Arising from the remnants of Sydney bands La Mancha Negra, Mother & Son and Glitter Canyon (the former a mystery to me but the first two familiar enough), Los Tones play dischordant, slightly tuneless garage rock with trebly guitar, warped vocals, muddy drums and bass that sounds like it was recorded on beat-up equipment in a lounge room. In other words, exactly what the under 25s listen to at warehouse gigs and house parties that would never make it into the Thursday daily newspaper gig guide (if such a thing existed any more.)
Is it a surprise to find out Owen Penglis (Straight Arrows) recorded and mixed “Psychotropic” and Mikey Young (Eddy Current Suppression Ring) mastered it? They’re elder statesmen in the current wave of this music. Or is it a shock that Off the Hip, the label that’s an Aussie rallying point for gritty garage punk, released it? Thought not.
Meandering rhythms, a spot of harmonica and lashings of surf and psychedelic guitar peg these 11 songs as having roots in the ancient soils of the ‘50s and ’60s. Penglis has conjured a dry and warm sound with two guitars laid on thick.
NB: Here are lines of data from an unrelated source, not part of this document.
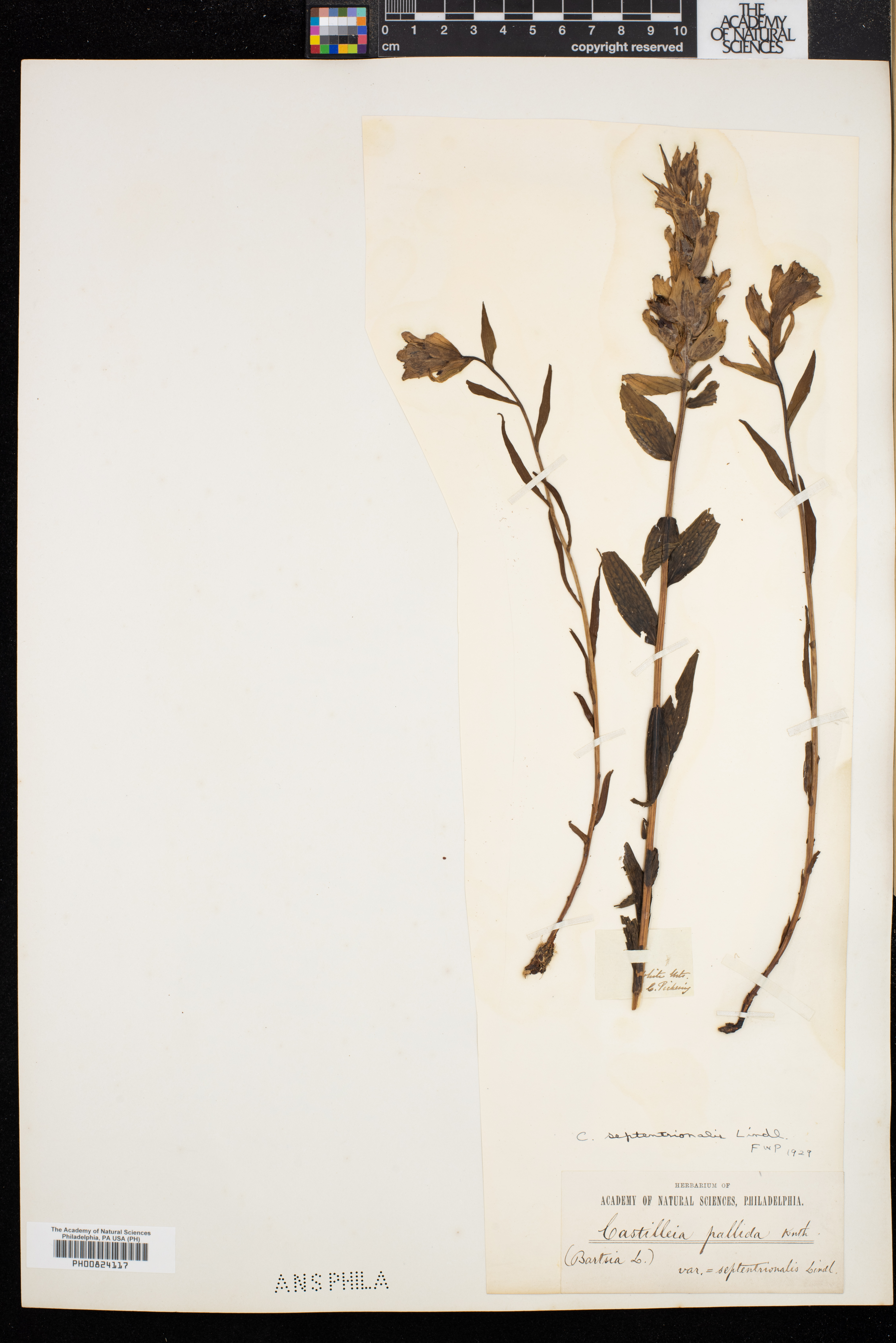 Castilleja pallida var. septentrionalis image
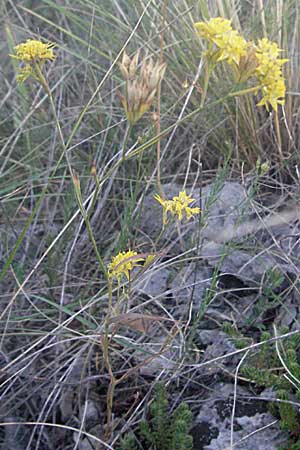 Bupleurum veronense \ Verona-Hasenohr / Verona Hare's Ear, Kroatien/Croatia Senj 16.7.2007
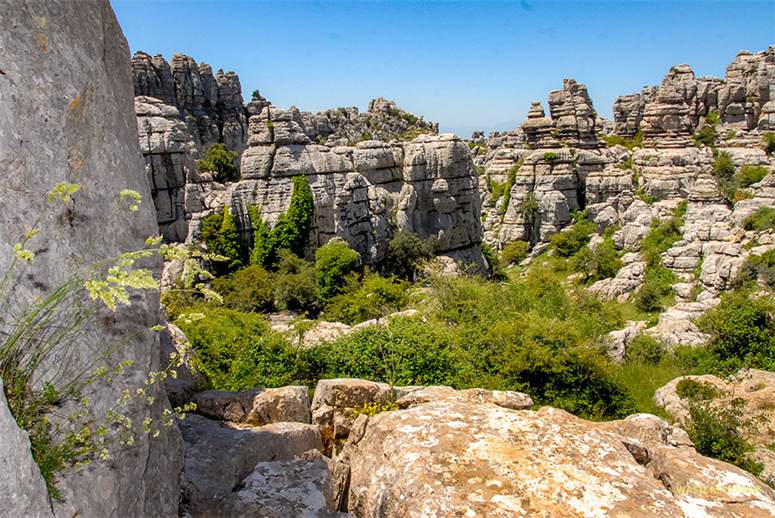 torcal63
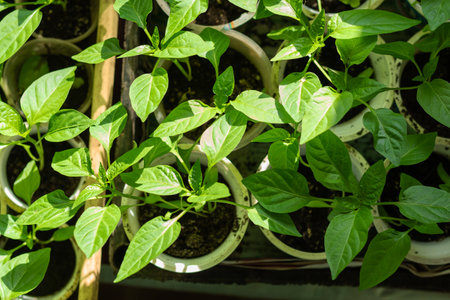 Green seedlings in plastic disposable cups. Plastic reuse concept, recycling and upcycling. Healthy...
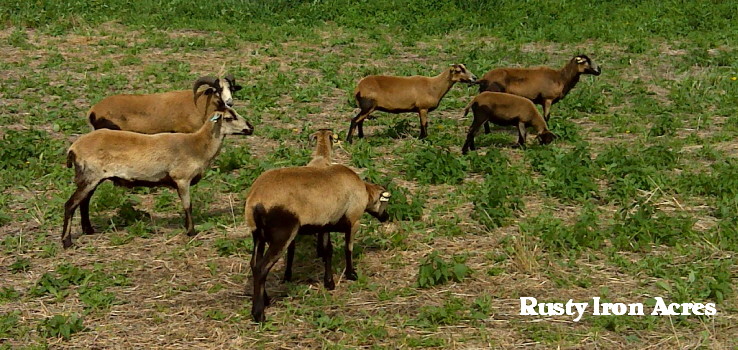 our flock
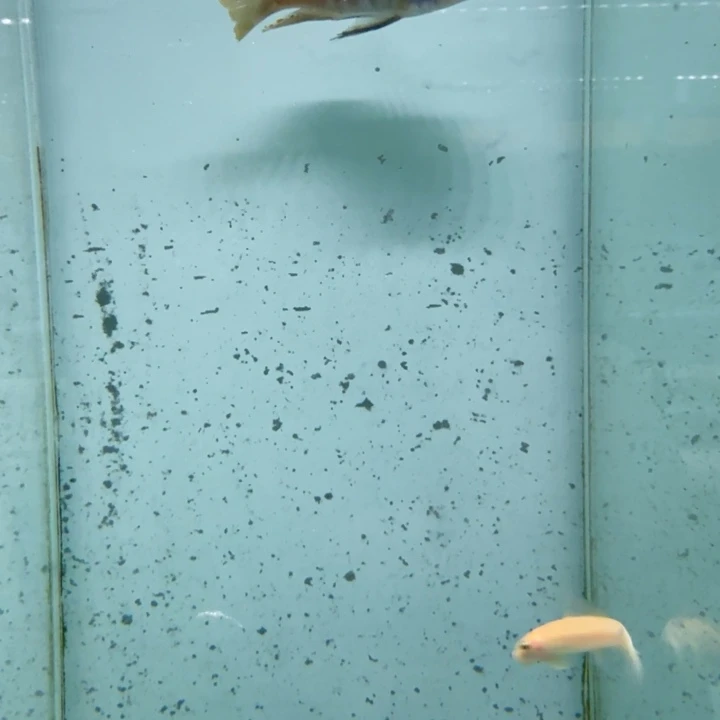 海水1433包子斑马。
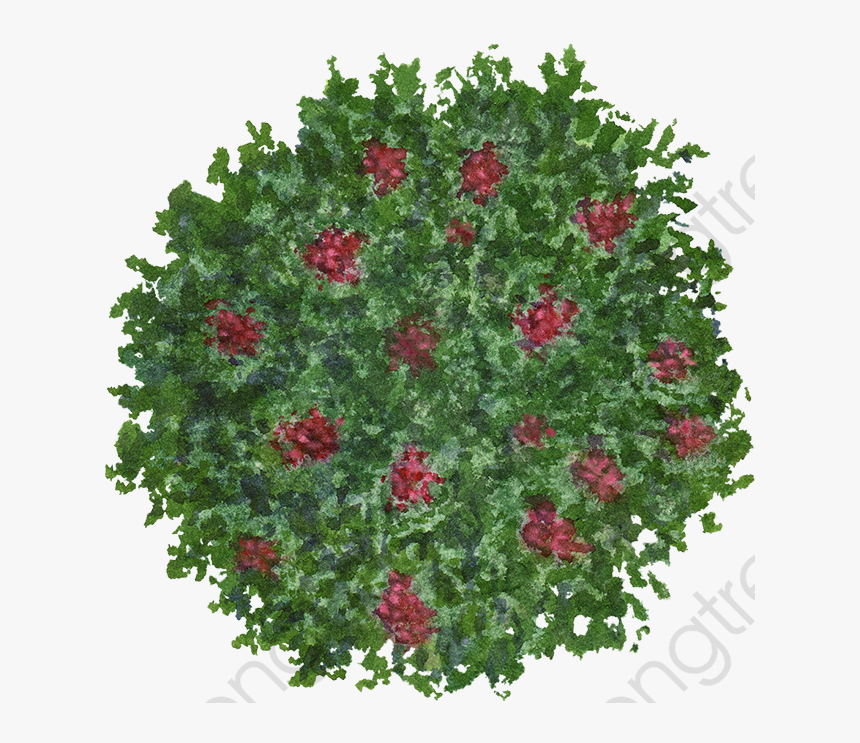 Flowers Red Green Leaves - Tree, HD Png Download, Free Download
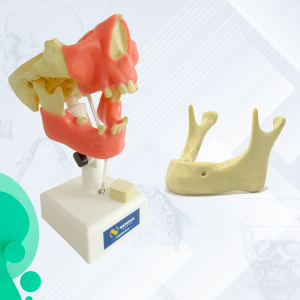 kit Manequim + mandíbula edêntula - cód. ​10982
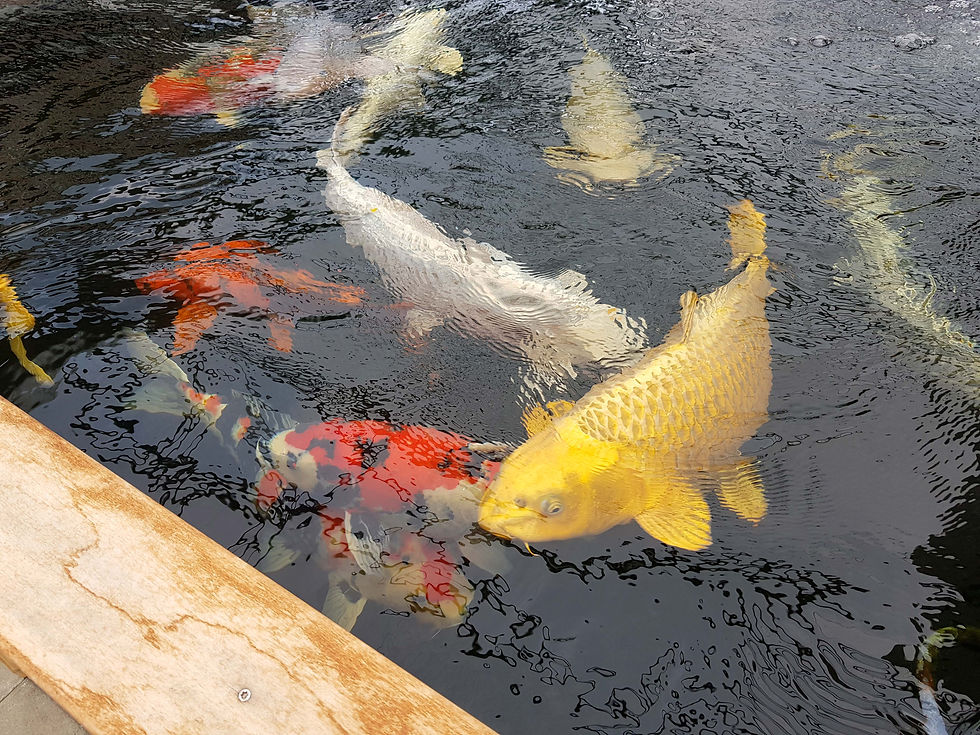 20180818_170403-01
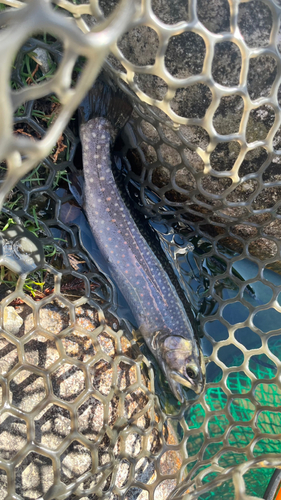 イワナの釣果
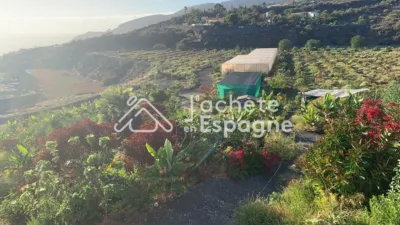 Rustic Finca on Calle Diseminado Acevedo Alcala photo 57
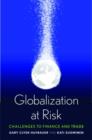 Image for Globalization at risk  : challenges to finance and trade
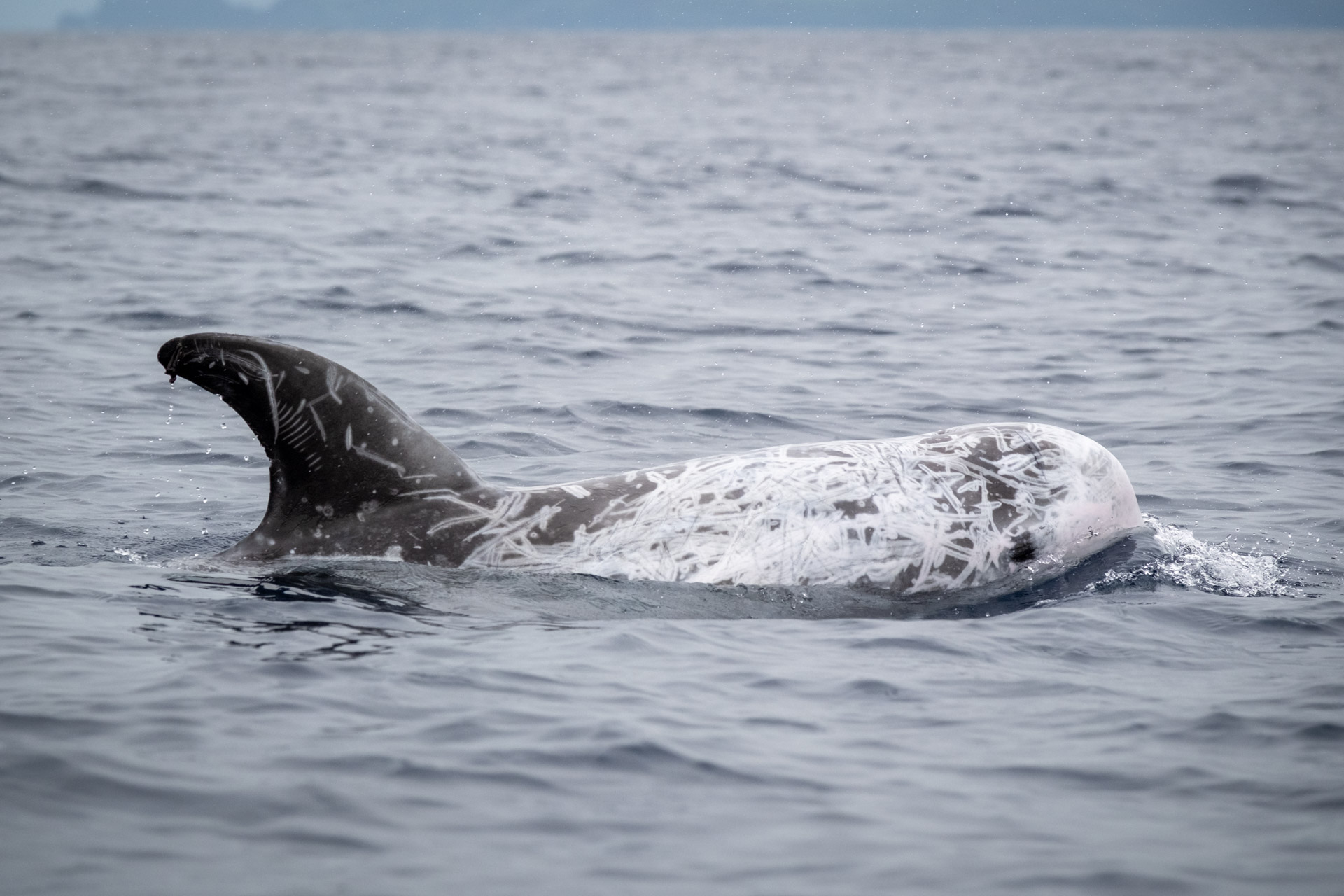 Delfin vor der Küste der Insel Pico.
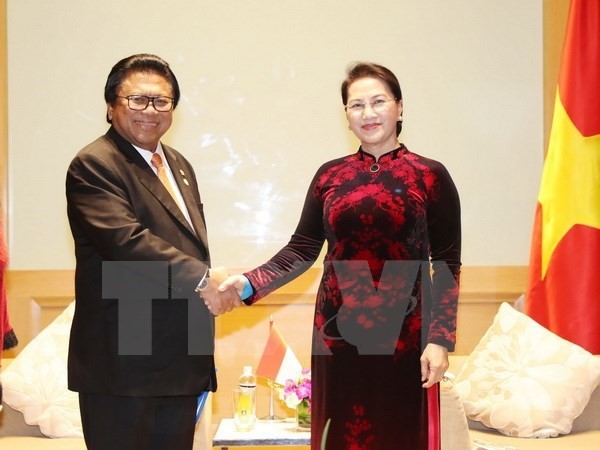 Líder parlamentaria vietnamita se reúne con los titulares legislativos de Malasia e Indonesia - ảnh 2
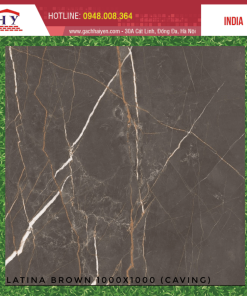 GẠCH NHẬP KHẨU ẤN ĐỘ 100X100 CAVING MÃ LATINA BROWN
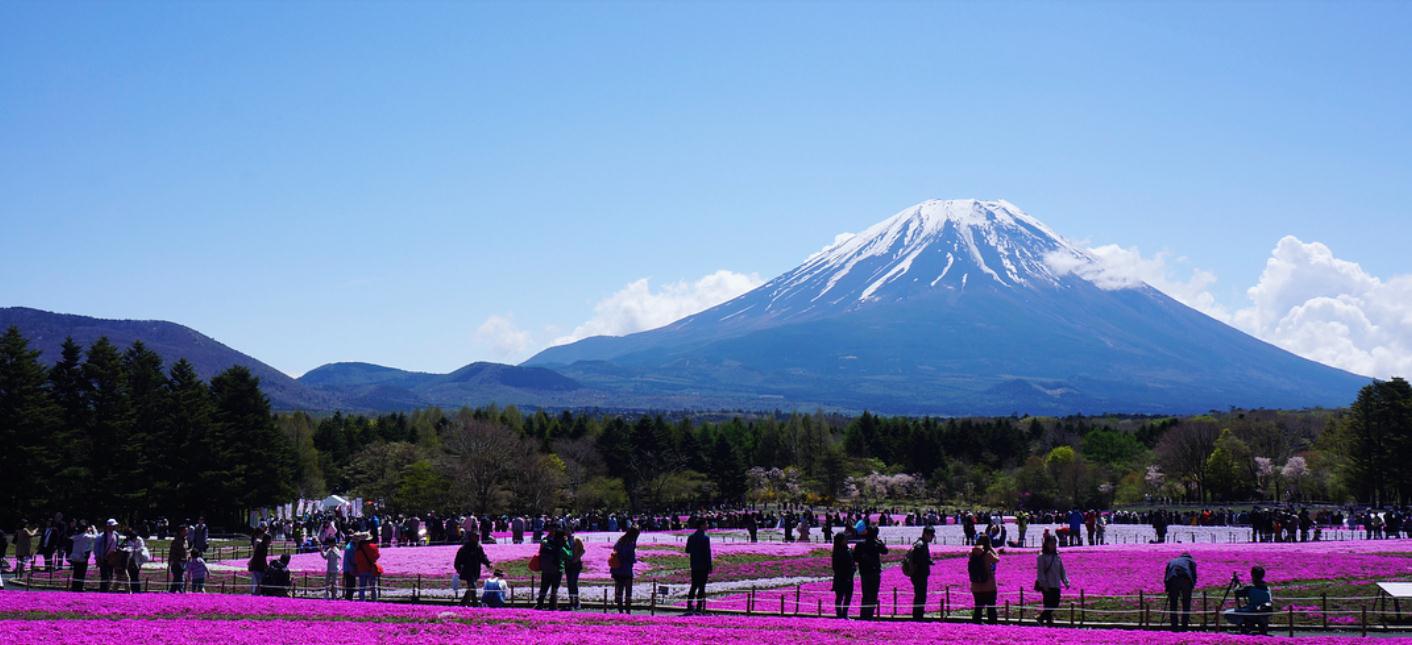 1545622329861744.jpg 富士山芝櫻祭.jpg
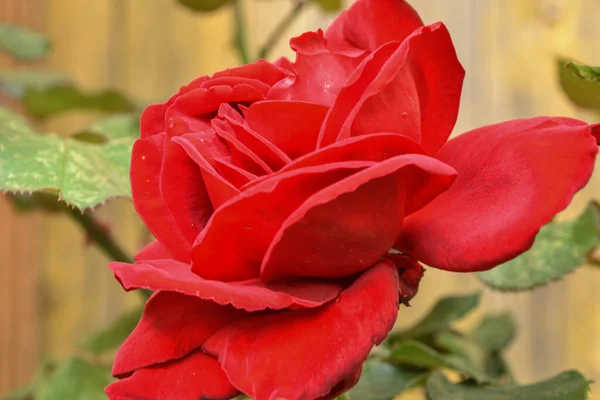 Sarı arka planda yeşil yapraklı kırmızı gül çiçeği.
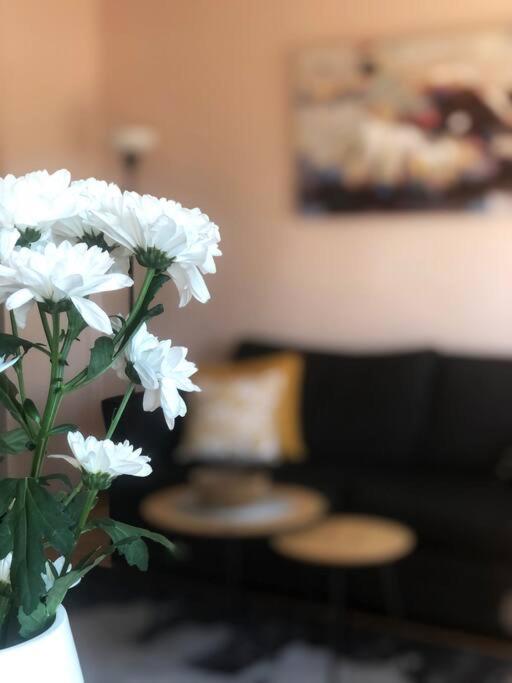Quince Apartment-Free Parking-City Center Belgrado Esterno foto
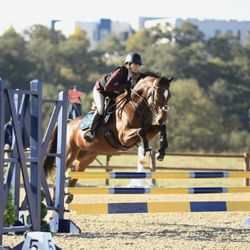 Seascape Sport Horses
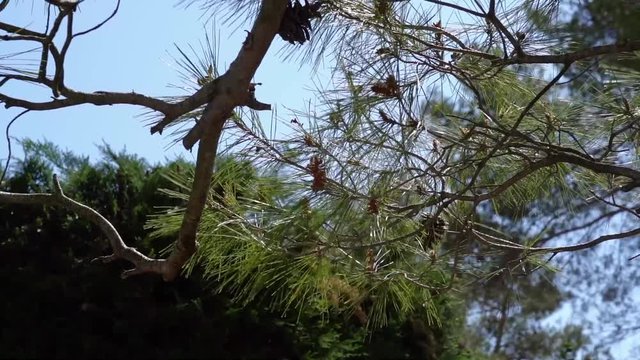 pine tree in the wind in a slow motion movie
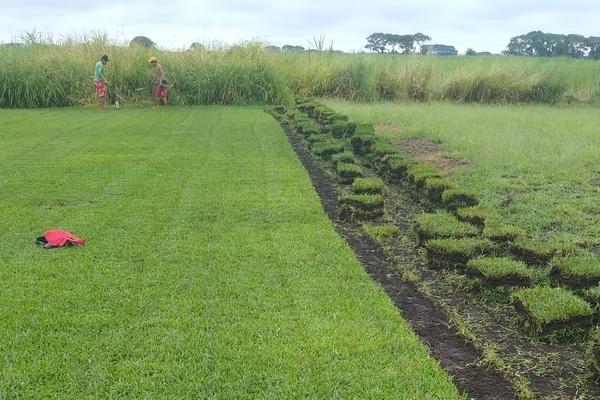 VENTA DE PASTO SAN AGUSTÍN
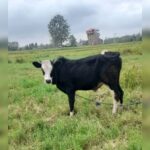 بهترین دامداری سنگر مختاری | خرید گاو و گوساله در سنگر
BB Gunn’s whiney vocals are buried and absent from a couple of instrumentals, the last of which (“Ghost”) collapses in squalls of white noise and what might be a distorted sax. “Speedboat” chugs along on nimble bass before burning up in chunky tremolo guitar.
“Cry” is a slice of Remains-style pop wearing shades and draped in a black cape. “Buchan Hammer” (a single) is close enough to singalong pop while “One Horse Race” borrows from the Fe-Fi-Four’s “I Wanna Come Back From the Land of LSD” without sounding like it’s stealing. If you like the Black Lips or Frowning Clouds you’ll love Los Tones.
Fuck being a cool kid. This stuff is for the old farts too. Get a large helping before Triple Jay catches on. As if that’s going to happen but you get the idea. It's on CD on Off The Hip and vinyl on Portugese label Groovie Records or you can grab it on Bandcamp.